Sie versuchen, den Konflikt auf das Thema Migration zu lenken und behaupten – laut Faktenchecks mehrerer US-Medien ohne Grundlage -, die Demokraten wollten Bundesmittel für die Gesundheitsversorgung von Menschen ohne gültige Papiere einplanen. Die Demokraten weisen das entschieden zurück und betonen, es fließe kein einziger Dollar an diese Personen. Aus ihrer Sicht seien es vielmehr die Republikaner, die mit falschen Behauptungen einen «Shutdown» in Kauf nähmen. 

Wie geht es jetzt weiter?

Es ist unklar, wie lange die USA im «Shutdown»-Modus bleiben – der Kongress muss zu einer Einigung kommen, doch die Fronten scheinen verhärtet. Der bislang längste «Shutdown» in der Geschichte der USA ereignete sich während Trumps erster Amtszeit. Über den Jahreswechsel 2018/2019 kam der Regierungsbetrieb mehr als fünf Wochen lang weitgehend zum Erliegen. 

Der Senat plant heute erneut Abstimmungen. Das Repräsentantenhaus – die andere Kammer des Parlaments – sollte diese Woche eigentlich gar nicht mehr tagen. Dies könnte jedoch aufgrund der Umstände außerplanmäßig geschehen. Ein Gesetzesentwurf muss von beiden Kammern gebilligt werden, bevor er US-Präsident Donald Trump zur Unterzeichnung vorgelegt wird.

Der Chef des US-Haushaltsamts, Russell Vought, teilte mit, weitere Anweisungen würden folgen, sobald Trump ein Gesetz zur Bereitstellung von Mitteln unterzeichnet habe. Vought gilt als ein wichtiger Strippenzieher der Trump-Regierung. Bereits zuvor hatte seine Behörde laut US-Medien angepeilt, im Falle eines «Shutdowns» dauerhafte Entlassungen ins Auge zu fassen. Das knüpft an die Linie der Trump-Regierung an: In den ersten Monaten seiner Amtszeit waren im Zuge umfassender Kürzungen zahlreiche Beamte aus dem Dienst entlassen worden.

Was bedeutet das für die US-Bevölkerung und den Finanzmarkt?

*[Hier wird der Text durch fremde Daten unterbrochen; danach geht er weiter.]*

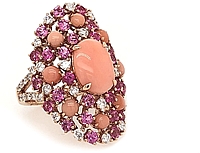 18k Rose Gold Diamond, Coral & Pink Sapphire Ring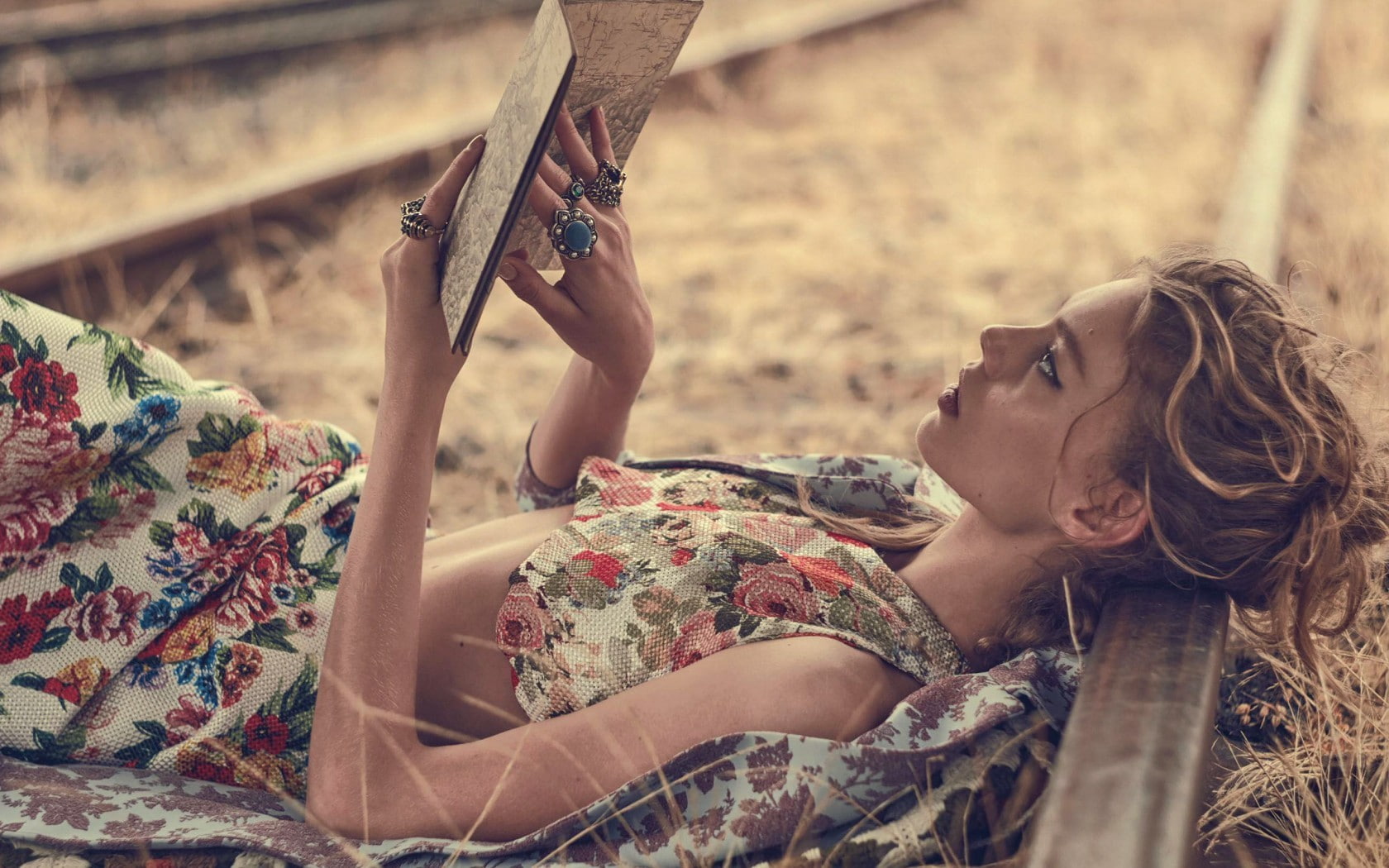railway, model, map, blonde, grass, rings, depth of field, profile, long hair, floral, nature, women, women outdoors, reading, 720P, books, lying on back, HD Wallpaper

Für die US-Bevölkerung kann ein Stillstand der Regierungsgeschäfte bedeuten, dass Anträge langsamer bearbeitet werden, Menschen auf Steuerbescheide länger warten müssen und Nationalparks schließen. Touristen – auch aus dem Ausland – können ebenfalls betroffen sein: In einem Brief an die Parteispitzen im Kongress warnte der US-Reiseverband vor Flugverspätungen und -annullierungen. Die Kosten dieses «völlig vermeidbaren Schlages» bezifferte er auf eine Milliarde US-Dollar pro Woche.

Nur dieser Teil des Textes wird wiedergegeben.